The analysis portion of this project did not prove to be effective, and ultimately resulted in no results. Let me use this tutorial to walk you through a cautionary tale about being just a little too determined to make an idea work with the dataset that you have.
The Question:
After doing a lot of research on both early archaeological sites, and sites that contain Pleistocene megafauna in the Willamette Valley, a few patterns seemed to emerge. Megafauna sites seemed to occur in peat bogs, and all of the earliest archaeological sites occurred on the margins of wetlands. This led me to begin to ponder that maybe there is a connection between the soil type, pH, and other factors across all of the known sites. What variables might be useful to predicting the locations of other yet to be discovered archaeological and megafauna sites throughout the valley?
The Tools:
In order to conduct this exploration, I decided to use the tools that were built into ArcGIS. Hotspot analysis and regression were going to be the main two tools that were going to be used.

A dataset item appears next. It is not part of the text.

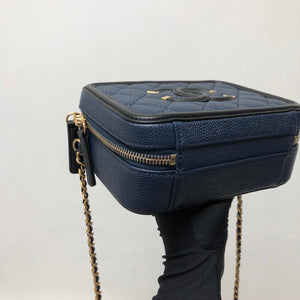 Small Caviar Quilted Filigree Vanity Case Blue/Black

For the data, I found a SSURGO dataset that was in vector format. It contained polygons of all of the mapped soil units in the valley, as well as a variety of factors related to slope, parent material, order, etc. Eventually I switched gears and found another SSURGO dataset that was in raster format and contained a whole lot more data, hoping that this change in dataset would make the analysis much easier.
The Steps:
The first step that I took when conducting this analysis was mapping different variables out and looking at them comparatively, to see if there were any obvious patterns to emerge. Three different soils popped up as looking like they were important when considering the late Pleistocene in the Willamette Valley.
The mapping revealed that there were three soil types that seemed to appear at most of the known sites.
Below is a map of all of the known Pleistocene megafauna and early Holocene archaeological sites in the valley.
There were 3 major soil types that emerged associated with local sites. The Labish, Bashaw, and McBee soil types.
The Labish Soil was especially interesting, as it only seemed to occur at the major peat bearing sites in the valley, most of which were drained lakes that are currently used for crops.
After reading about the nature of soil pH in wetland deposits, I began to hypothesize that pH would have been an important variable in the soils that I had identified, and wanted to use this knowledge to find more sites through hotspot analysis and/or regression analysis.
The Results:
The results are the toughest part to discuss, as there was not much to show for results.
Many attempts at successfully running regression analysis were made, using a wide variety of different combinations of data, but all of it returned an error of perfect multicolinearity, resulting in fails across the board. The analysis was attempted using both the vector and raster form of the data, using built-in pH data, pH data that was acquired elsewhere and added to the data, as well as combinations of variables.
As I began to explore the dataset further, I realized that the data, while initially appearing to be incredibly varied, was in fact quite the same. I mapped out the soil orders and Great Groups in the valley and realized that each of the maps looked strikingly similar, which was telling me that (as was mentioned in class), all of the data was likely extrapolated from a few key points.
Soil Order:
Soil Great Group:
Aside from a few differences, both of the maps are extremely similar, which is telling me that this data is more than likely, as mentioned above, extrapolated across a large landscape.
This realization made me doubt the pH data as well, so I mapped that out as well.
Soil pH Map:
The valley soils appear to be fairly neutral, and only vary between 5.7 and 6.6
This would make it very difficult to use some sort of exploratory statistical analysis on this dataset, as there wasn’t much variability.
In order to look at how the pH was distributed throught the valley, I ran a hotspot analysis as well as a Moran’s I analysis.
pH Hotspot Analysis Map:
pH Moran’s I Analysis Results:
As you can see, the data is extremely clustered, especially in my particular areas of interest, which are the valley floor.
Was this useful?
This analysis was useful, but for a different reason than was expected. The SSURGO dataset is not the best tool for soil landscape analysis at a smaller scale. Throughout the class, I have seen other statewide projects that were a lot more successful due to higher variability in soils between the east and west sides of the state.
I became a tad too determined to run this kind of analysis, and the results were completely inconclusive in that respect, but in the end, the most beneficial part of the analysis was figuring out that there are likely connections between my sites of interest. In order to investigate these connections, physical testing is likely the most reliable source, since the SSURGO data is not reliable for this purpose.
Also, don’t rely on your data too much. It might mess with your head a bit!